If the United States’ tax reform proposal had no chance of passing, I would not bother to analyze it. But that’s not the case. The probability of passing is high. It would be advisable to look at its effects in the U.S. and internationally.

Although the proposal is missing many details, the following stands out: it reduces the tax on businesses from 35 percent to 15 percent; it reduces the progressive tax scale of citizens to only three categories: 10 percent, 25 percent, and 35 percent (currently, the tax goes as high as nearly 40 percent); it abandons the idea of global income in order to embrace territorial income (like in Costa Rica); it eliminates nearly all deductions from gross income, including deductions for interest, and excepting expenses for home mortgages and charitable contributions; and it also eliminates the inheritance tax, currently at 40 percent.

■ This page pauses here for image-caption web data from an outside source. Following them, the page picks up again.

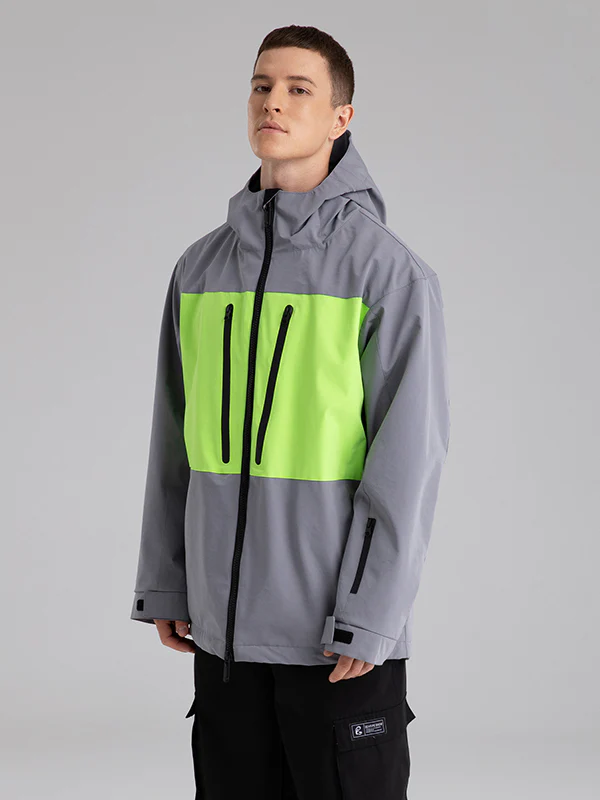 Men's Searipe Independent Colorblock Windbreaker Snow Jacket - Image 5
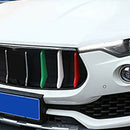 3Pcs Car Front Grille Inserts Decor Trim Strips Cover for Maserati Levante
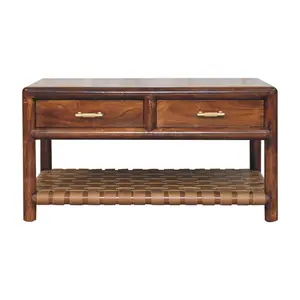 Buy Regency Woven Coffee Table with 4 drawers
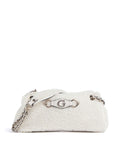 Guess Aslia Shearling Shoulder bag white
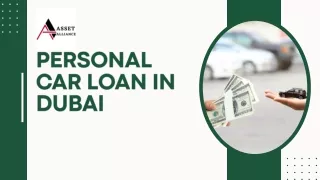 Personal car loan in Dubai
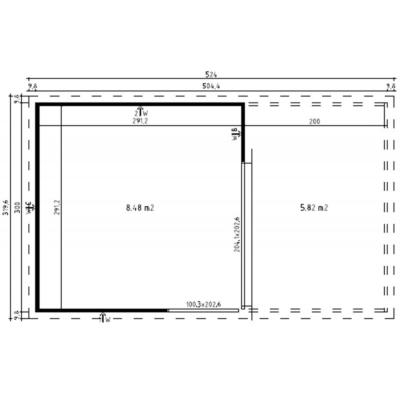 Abri Domeo 2 Plus 8,48 + 5,82 M², 41267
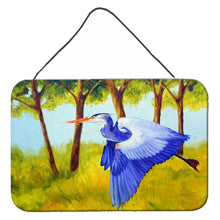 Load image into Gallery viewer, Fyling Heron by Ferris Hotard Wall or Door Hanging Prints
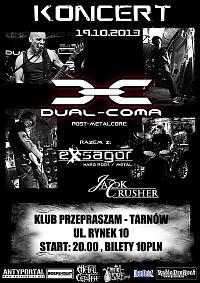 Plakat - Dual Coma, Exsagor, Jack Crusher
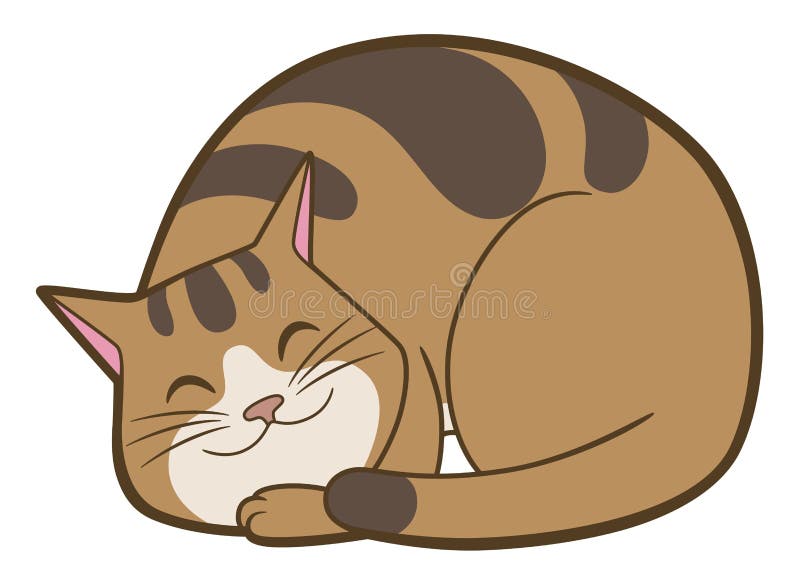 Cartoon cat is sleeping stock vector. Illustration of vector 150129981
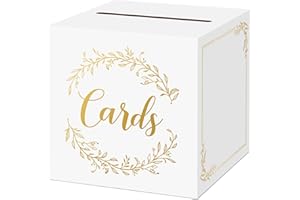 BOFUNX Hochzeit Kartenbox Geldbox Briefbox für Hochzeit - 25x25x25cm Hochzeitsdeko Hochzeitsbox Geschenkkarten Partydeko Geschenkkartenbox Geld Box Briefbox Postbox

The principal effect would be to increase the income of taxpayers in order to increase consumer spending and investment. This would increase the aggregate demand, stimulate growth, employment, and salaries (to bring the work force closer to being fully employed), but would increase the fiscal deficit and, perhaps, the taxes on interest income, although these are aspects of the tax reform proposal that have not yet been quantified. It would improve the tax structure to reduce exemptions, deductions, and exclusions, reduce conflicting interpretations with respect to the assignment of resources, and improve productivity.

The primary criticism is that the plan would not be neutral against the fiscal deficit, as the lowering of taxes would not necessarily balance out with the greater taxes generated by economic growth (supply side economics), as happened in Reagan’s administration. The counterargument is that, although Reagan won the presidency, the Democrats retook Congress and the Senate and had no method to reduce spending, and due to this, the deficit increased. Now the situation is different. There will be reductions to costly Democratic expenses and, if Obama’s health care law is repealed, there will be substantial savings.

I believe that the tax reform proposal is good. It would increase growth and employment in the U.S., and, most importantly, would inspire the rest of the world to effect similar reforms in order to be competitive. In Costa Rica, the pressure would be twice as strong: the corporate tax would have to be lowered again from 30 percent to 15 percent, and there would be pressure not to impose the worldwide tax and to lower the spending more substantially to finance the deficit. My worry, however, is based on the effect the proposal will have on the movement of capital, as it could affect exchange rate values.